Rio de Janeiro in Brazil, the most visited city in the southern hemisphere, is a treasure trove of picturesque locales and celebratory culture
Rio de Janeiro, popularly referred to as ‘Rio’, is the capital city of the State of Rio de Janeiro, the second-largest city in Brazil, and the third-largest metropolitan area in South America. Rio de Janeiro is a cultural hub in Brazil and is nicknamed ‘Cidade Maravilhosa’, which means ‘Marvellous City’.
It is arguably the most visited city in the southern hemisphere and is known for its natural settings, carnival celebrations, the samba, Bossa Nova, and balneario beaches such as Barra da Tijuca, Copacabana, Ipanema, and Leblon. Rio, both the city and the state, is also known the world over for its breathtaking natural landscapes and picture-perfect views.
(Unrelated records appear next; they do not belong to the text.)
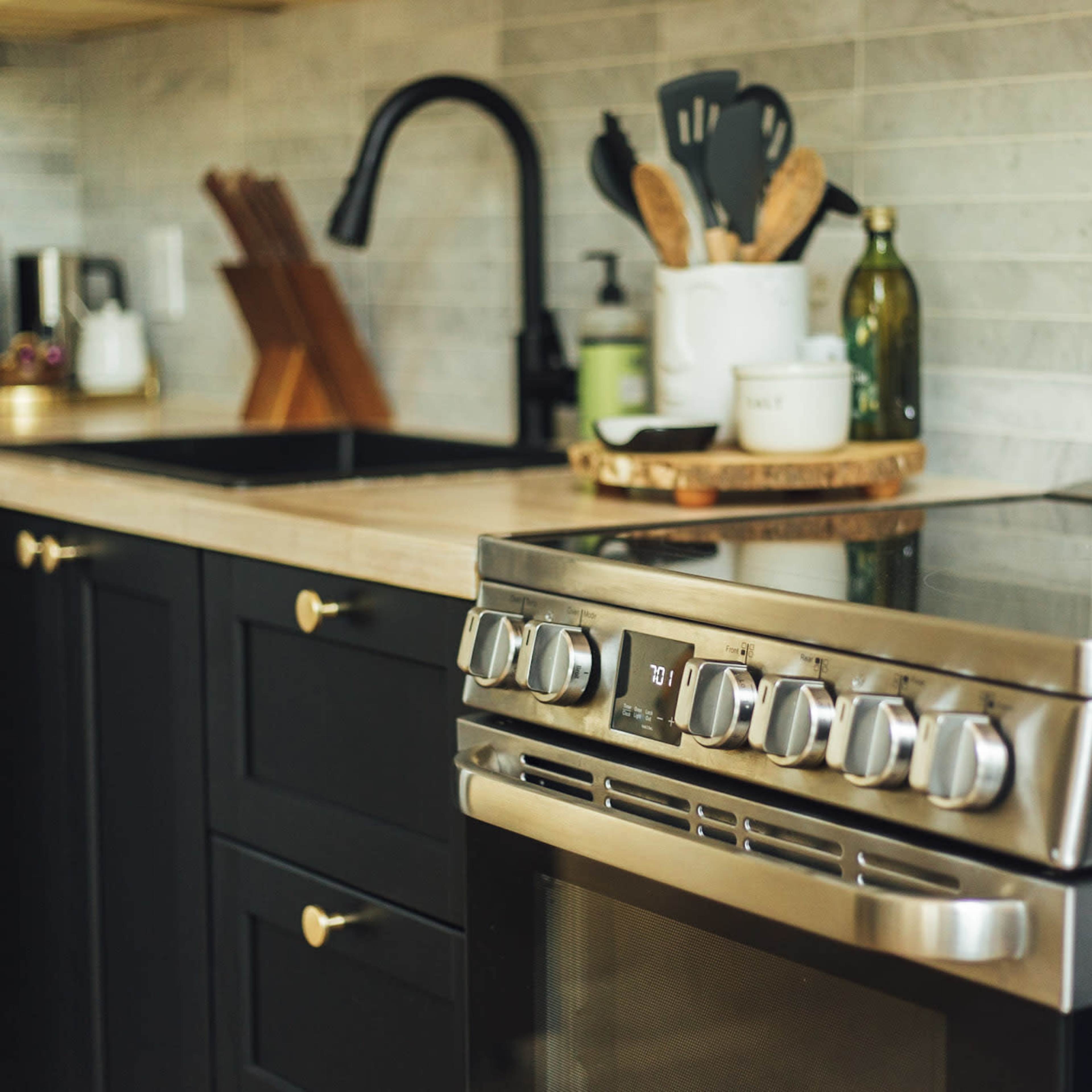 A modern kitchen with black cabinets, a stainless steel stove, and a countertop with utensils and various kitchen items.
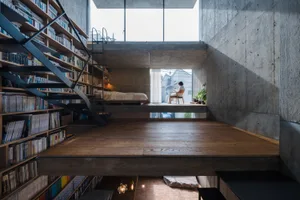 Minimalist residential interior featuring concrete and wood materials, with a person sitting at a window.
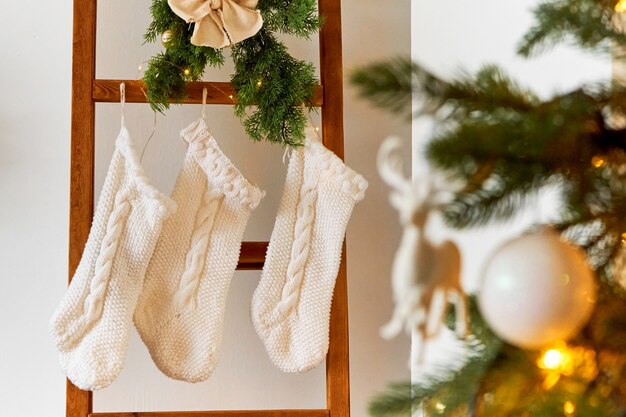 Festive Christmas decorations of a light room with a Christmas tree and knitted socks for Santa's gifts.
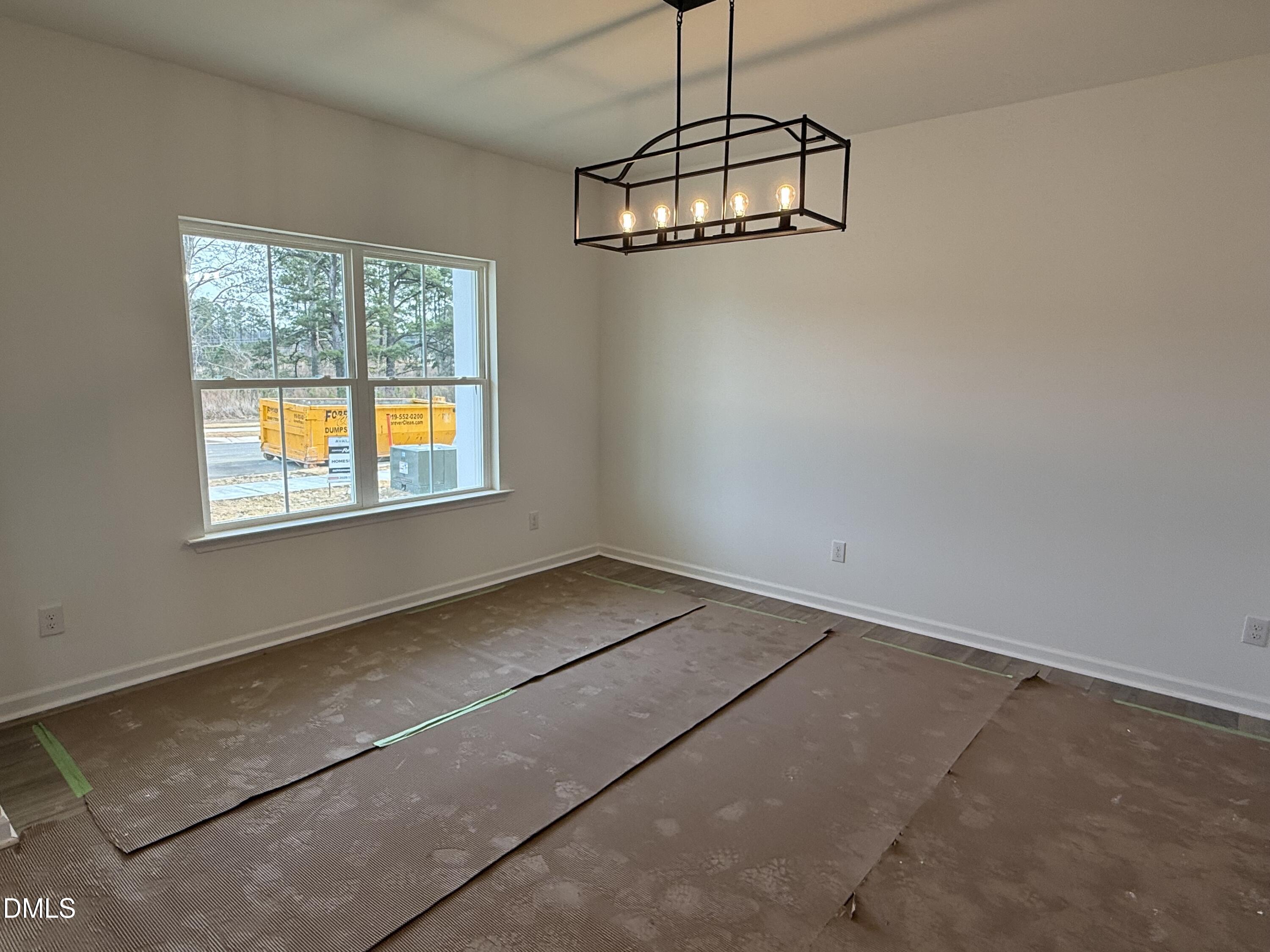 508 Contempo Court, Unit 39 Rolesville, NC 27571 - Photo 2 of 37 a view of an empty room with a window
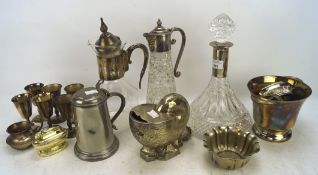 An assortment of silver plate and metal ware, including two decanters, one claret jug,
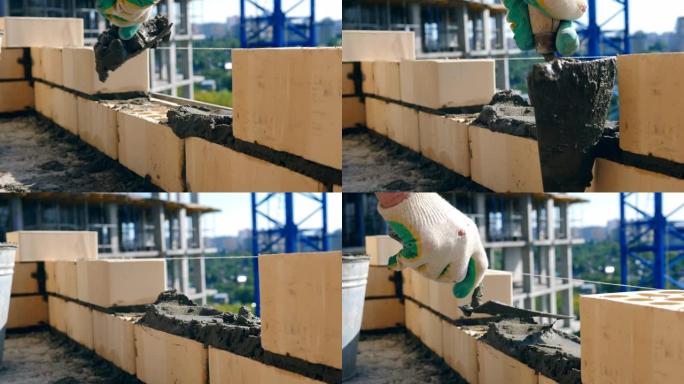 建筑工地砌砖的过程。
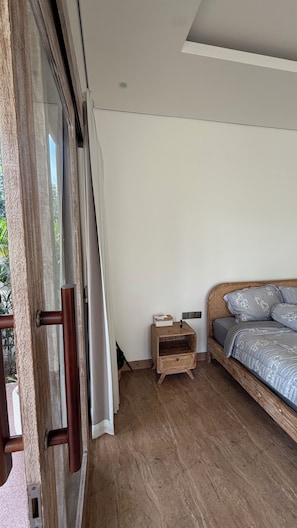 Un dormitorio con piso de madera, cama con ropa de cama floral, mesita de noche y puerta corrediza de vidrio que da a un espacio exterior.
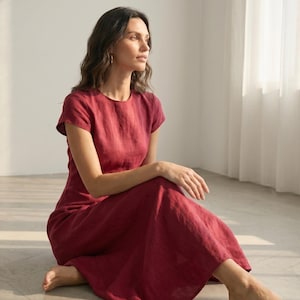 May include: A burgundy-colored linen dress with short sleeves. The dress has a round neckline and a flowing skirt. The person is sitting on the floor with their legs crossed. The dress appears to be made of a lightweight fabric.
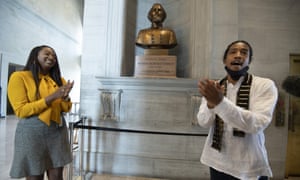 State Representative London Lamar, left, sings with activist Justin Jones in front of the Nathan Bedford Forrest bust in the Tennessee State Capitol yesterday. Jones led protests over the summer of 2020 to have the bust removed and this followed decades-long efforts to remove the bust of the Confederate general and early Ku Klux Klan leader.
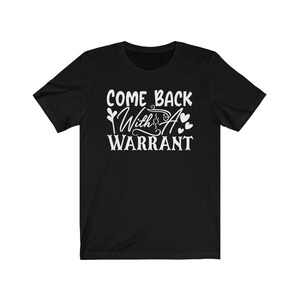 Peut inclure: T-shirt &agrave; manches courtes noire avec un texte blanc qui dit "Come Back With A Warrant" et deux petits c&oelig;urs.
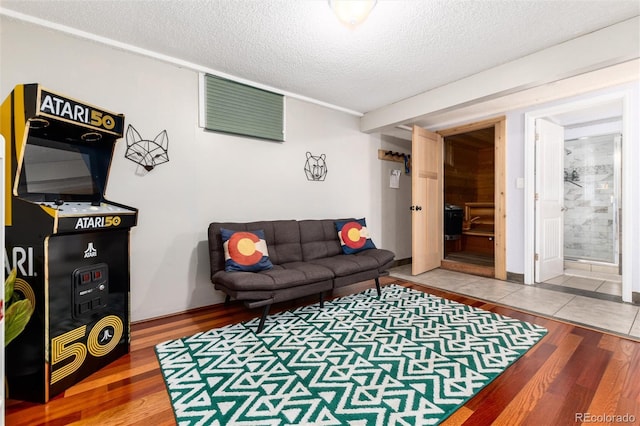 159 Lake Rd, Idaho Springs, CO 80452 - living room with wood finished floors and a textured ceiling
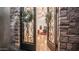 Elegant entryway with wrought iron doors, stone accents, and views of the interior's stylish decor at 7130 E Saddleback St # 58, Mesa, AZ 85207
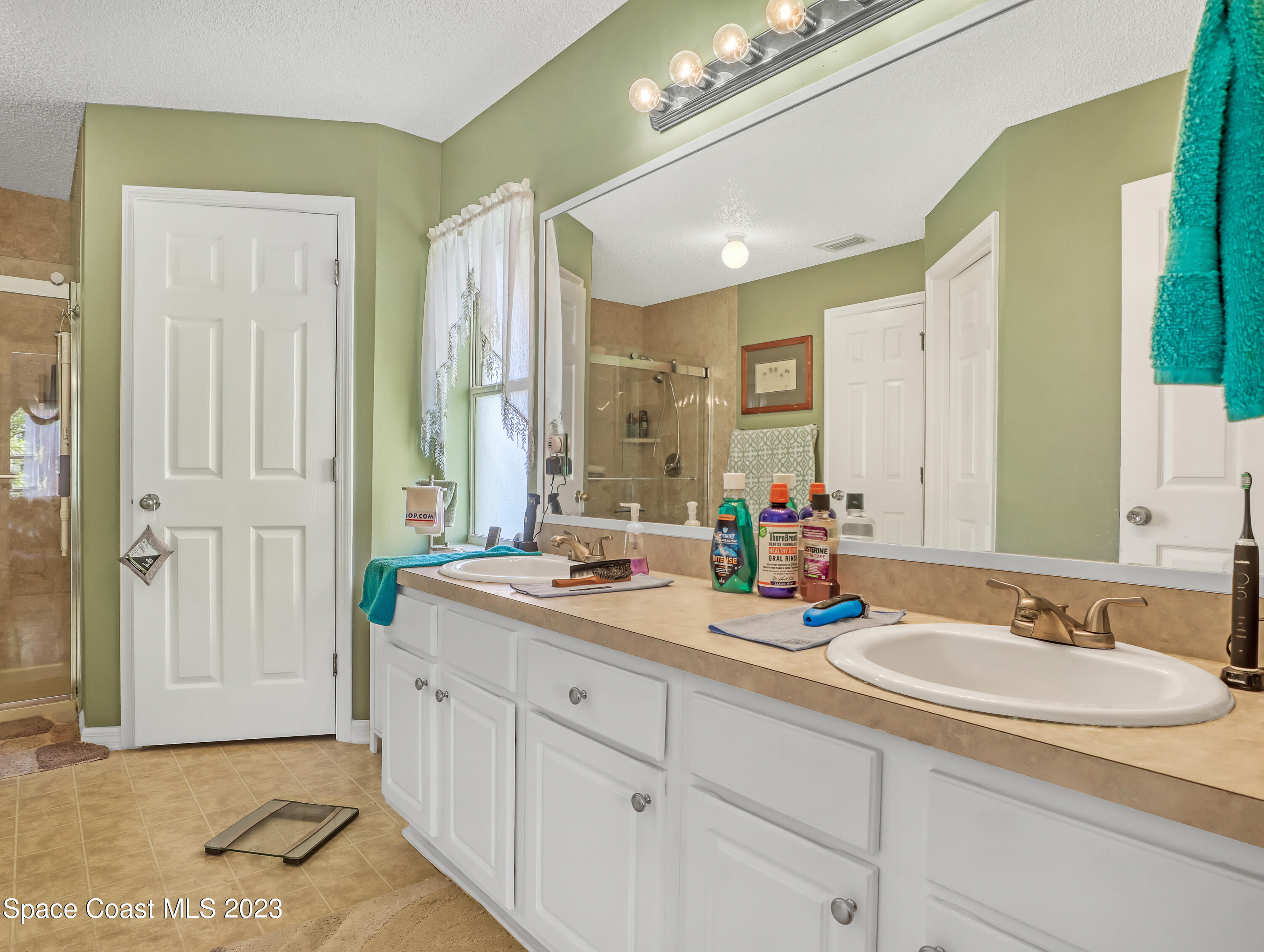 1550 Reed Street Northwest Palm Bay, FL 32907 - Photo 19 of 33 a bathroom with double sink and a mirror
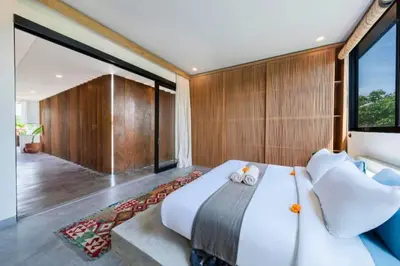 a bedroom with a large bed and a large window at Quilon 2 BR Private Pool Villa in Seminyak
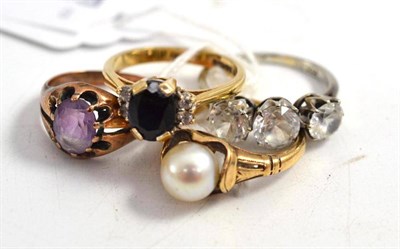 Lot 406 - A 9ct gold sapphire and diamond ring, two other 9ct gold rings and a white three stone ring,...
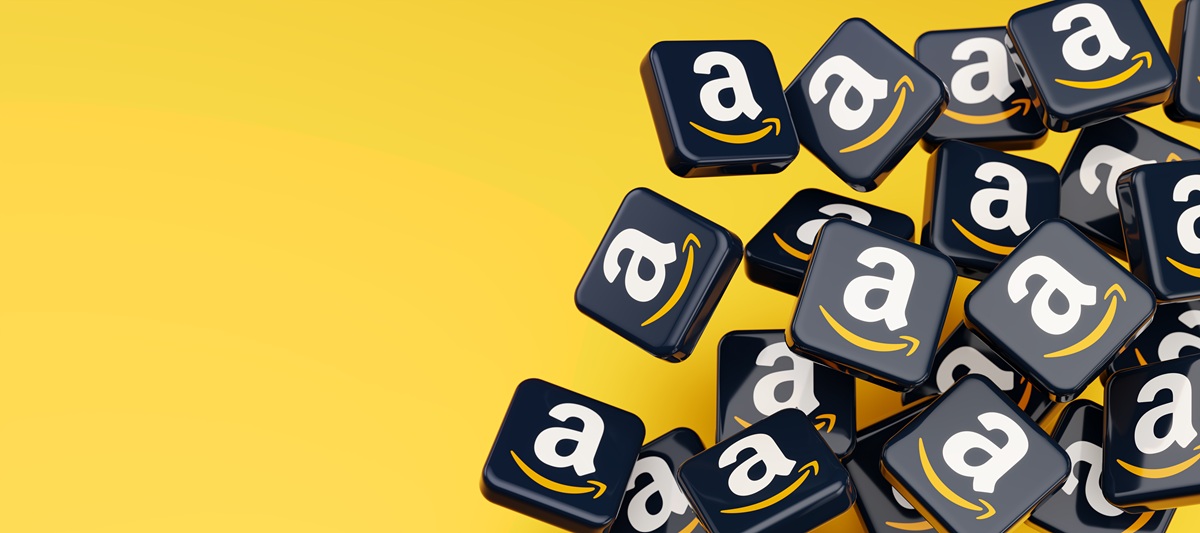 High-resolution 3D render of scattered Amazon logo tiles on a bold yellow background. Concept image for ecommerce, online shopping, logistics, retail technology and marketplace platforms.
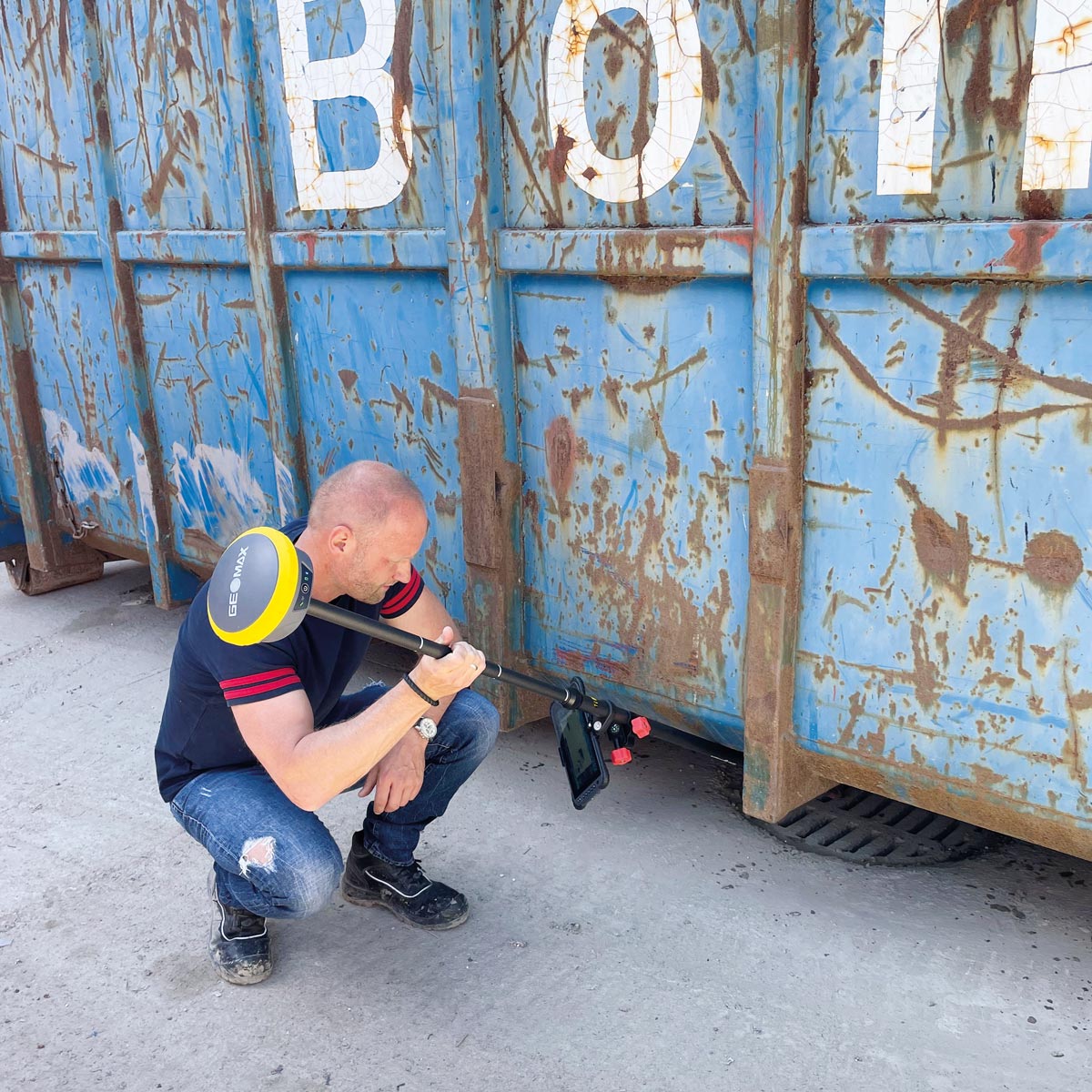 Vermesser misst mit stark geneigtem Lotstab und GeoMax Zenith60 unter einem Container.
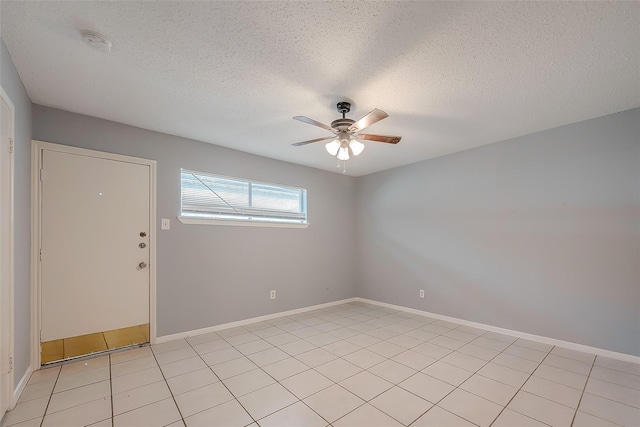 1016 Tri Oaks Ln Unit 92, Houston, TX 77043 - spare room featuring ceiling fan, a smoke detector, a textured ceiling, baseboards, and light tile patterned flooring
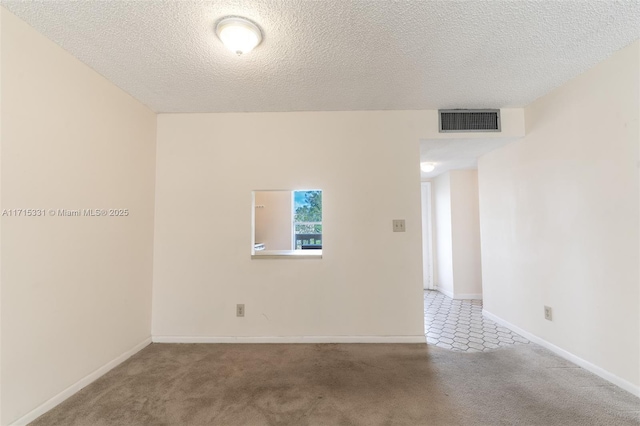 spare room featuring carpet flooring and a textured ceiling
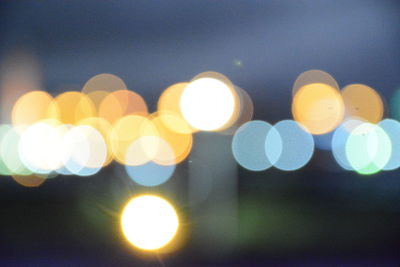 Low angle view of illuminated lights at night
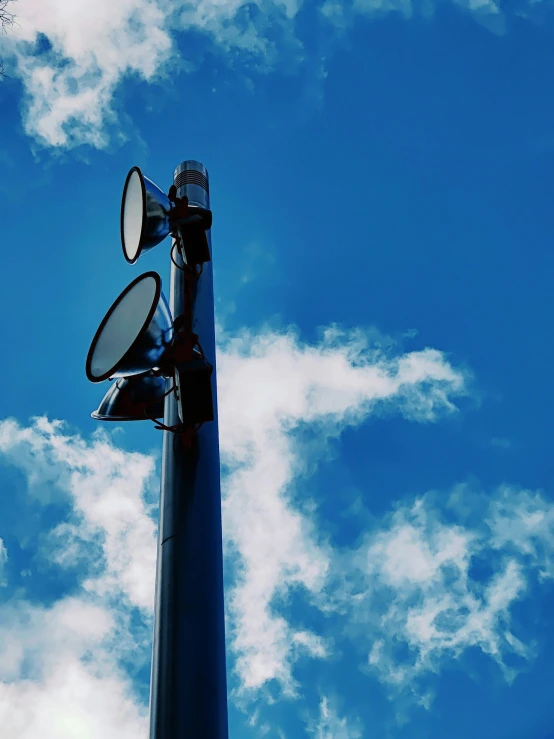 a street light sitting under a bright blue sky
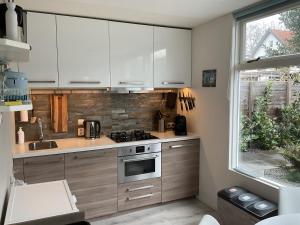 a kitchen with white cabinets and a stove and a window at Appelbloesem in Bergen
Some of the most famous landmarks, in addition to the beaches, include the giant statue of Christ the Redeemer atop Corcovado Mountain. Its architecture embraces churches and buildings dating from the 16th to the 19th centuries, blending with the world renowned designs of the 20th century.
Rio is influenced by the Portuguese, the English and the French in its culture and architecture. One of the most famous sights of Rio is the sinuous design of the Copacabana sidewalk bordering the beach of shining white sand, leading down to the gentle surf of the Atlantic Ocean. Rio offers ideal locations for your next project, regardless of format: beaches, mountains, rivers, jungle, forests, farms and plantations, urban centres and other extraordinary locations.
Rio has a tropical savanna climate that closely borders a tropical monsoon climate and is often characterised by long periods of rain from December to March. In inland areas of the city, temperatures above 40 °C are common during the summer, though rarely for
long periods, while maximum temperatures above 27 °C can occur
on a monthly basis.
Along the coast, the breeze, blowing alternately onshore and offshore, moderates the temperature. Due to its geographic situation, the city is often reached, especially during autumn and winter, by cold fronts advancing from Antarctica, causing frequent weather changes. The mountainous areas register greater rainfall since they constitute a barrier to the humid wind that comes from the Atlantic.
Production In Rio
To be able to shoot in Rio, one needs to be associated with a local producer, which is registered with Ancine (National Film Agency). To be eligible for incentives offered by Filme Rio-Rio Film Commission (FRRFC), the local producer’s company has to be registered either in the city of Rio or within the state. Foreign producers must establish a partnership with a Brazilian production company, who, in turn, must be registered with Ancine, and who will report to the national agency on the foreign producer’s behalf.
Each year, the FRRFC opens a public bid geared towards providing financial support to audiovisual productions – both feature films and TV series, either fiction or documentaries – that are shot in part or fully within the state of Rio de Janeiro.
At present, Rio does not offer any specific incentives to foreign producers. However, there are a number of federal, state and municipal tax incentives and grants available to Brazilian producers, which may be applied to co-productions with foreign producers. Several incentives for film production and location shooting in the city and state of Rio are available. Local Brazilian producers can access different programs, such as the Rio State Box Office Reward Program, ICMS Turnover Tax Cultural Incentive, the State Secretariat of Culture Public Bidding Program, the Rio Investment Fund 1, Audiovisual Financial Credit Lines and Investe Rio Loans, which help with production in Rio.
Independently, films produced through collaboration with Brazilian producers may combine funds from municipal, state and federal incentive programs. However, the use of federal funds requires that a minimum of 5 per cent of the funds be brought in either by the producer or by a third party.
Foreign films shot on location in Brazil are eligible for federal funds, which are available solely to films co-produced with Brazil. Article 3A of the 8586/93 Law states that any Foreign Tax Payer might benefit from a 70 per cent rebate of their due tax.
Every cast and crew member who isn’t a Brazilian resident or doesn’t hold a Brazilian passport will need a work visa or a temporary visa to be able to film in Rio de Janeiro, city or state. However, location scouting will only require a tourist visa.
In some cases, the FRRFC will be able to facilitate the issuance of work visas for cast and crew assigned to projects approved for shooting on location in the city or state of Rio. Normally visas are issued by Brazilian Consulates and Embassies abroad.